REQUIREMENT
Exclude the pictures, then repeat the remaining data exactly.

***** SUPPLIED INFORMATION

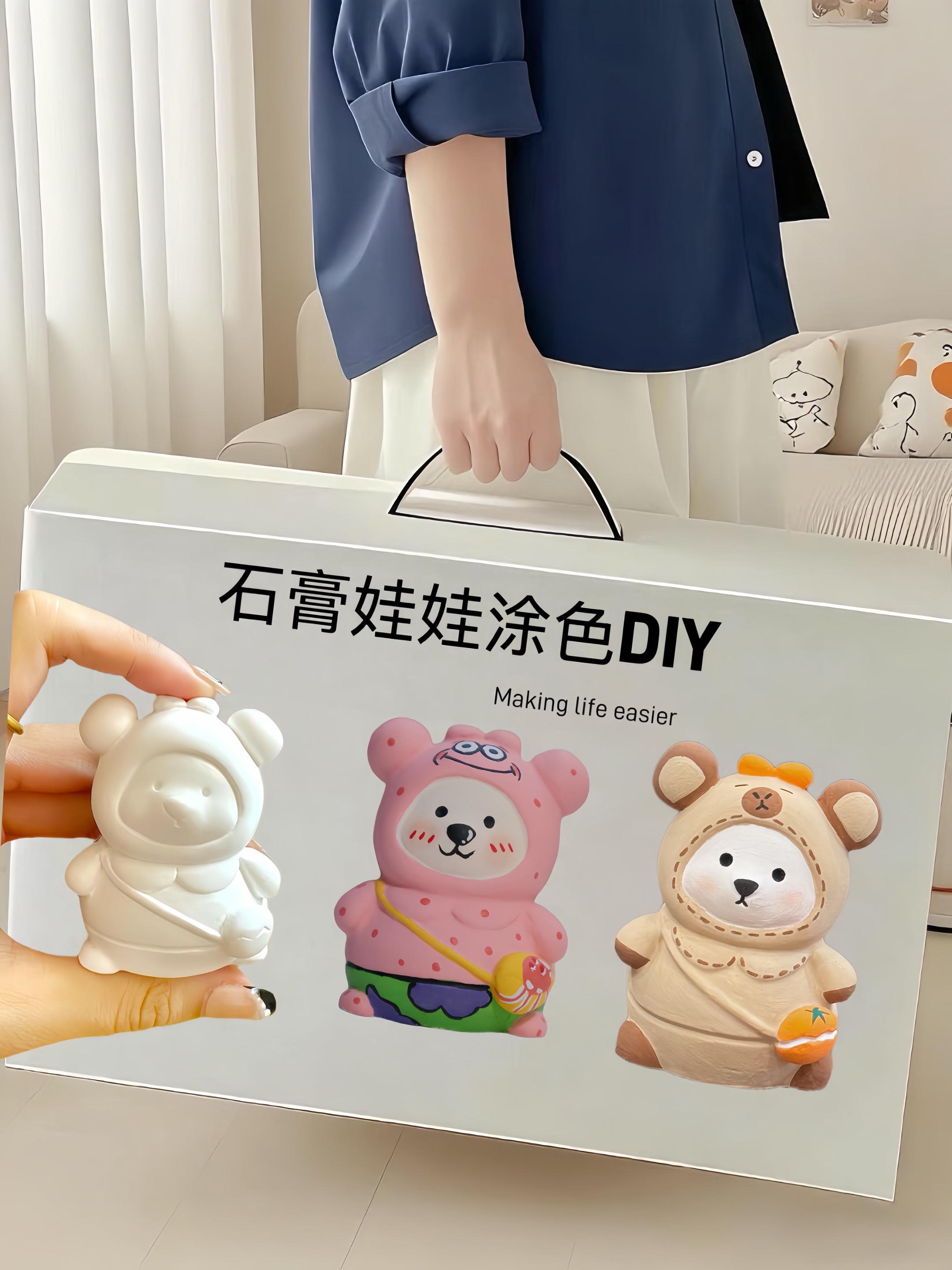 小朋友超喜欢的石膏娃娃来啦!还在愁带娃去哪儿玩吗?这套混发石膏娃娃套装藏着大乐趣,奥特曼、库洛米等各种造型,自由创作让娃尽情发挥想象力,涂鸦过程超治愈,给娃的惊喜就选这个~ #混发小石膏娃娃 #儿童手工玩具 #奥特曼 #库洛米 #涂鸦白胚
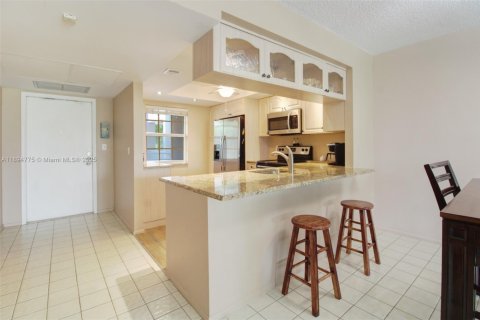 Condo in Pompano Beach, Florida, 2 bedrooms № 2081442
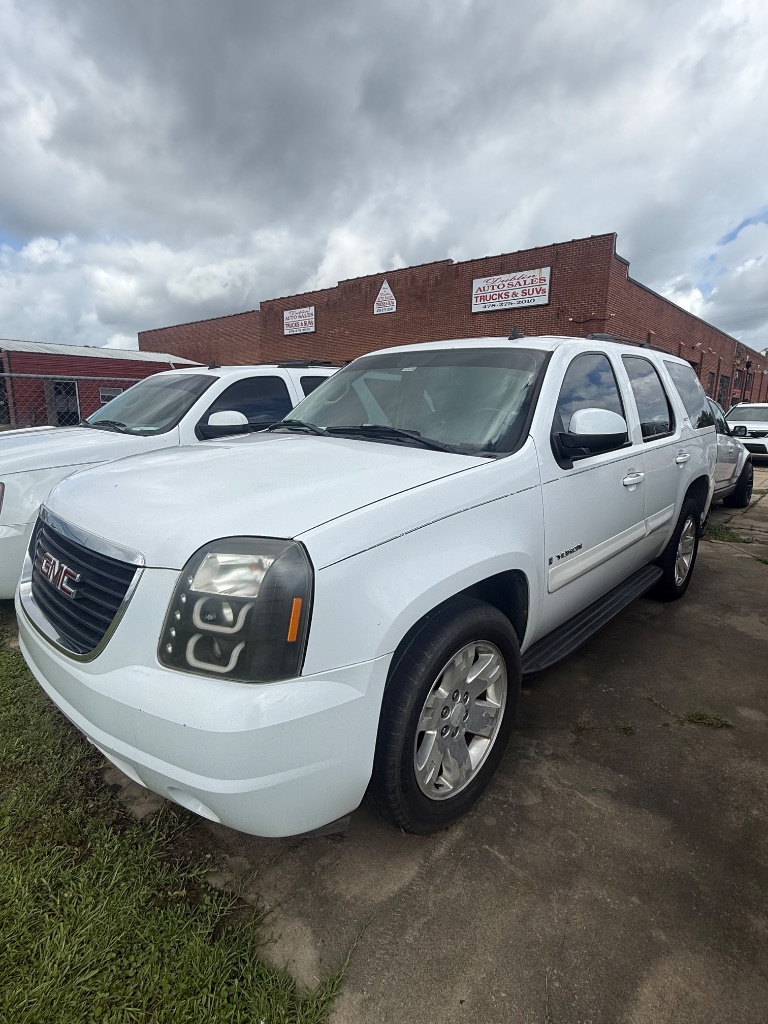 2008 GMC Yukon - $7,950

**********

RESULT FOR THIS EXERCISE
 小朋友超喜欢的石膏娃娃来啦!还在愁带娃去哪儿玩吗?这套混发石膏娃娃套装藏着大乐趣,奥特曼、库洛米等各种造型,自由创作让娃尽情发挥想象力,涂鸦过程超治愈,给娃的惊喜就选这个~ #混发小石膏娃娃 #儿童手工玩具 #奥特曼 #库洛米 #涂鸦白胚
 Condo in Pompano Beach, Florida, 2 bedrooms № 2081442
 2008 GMC Yukon - $7,950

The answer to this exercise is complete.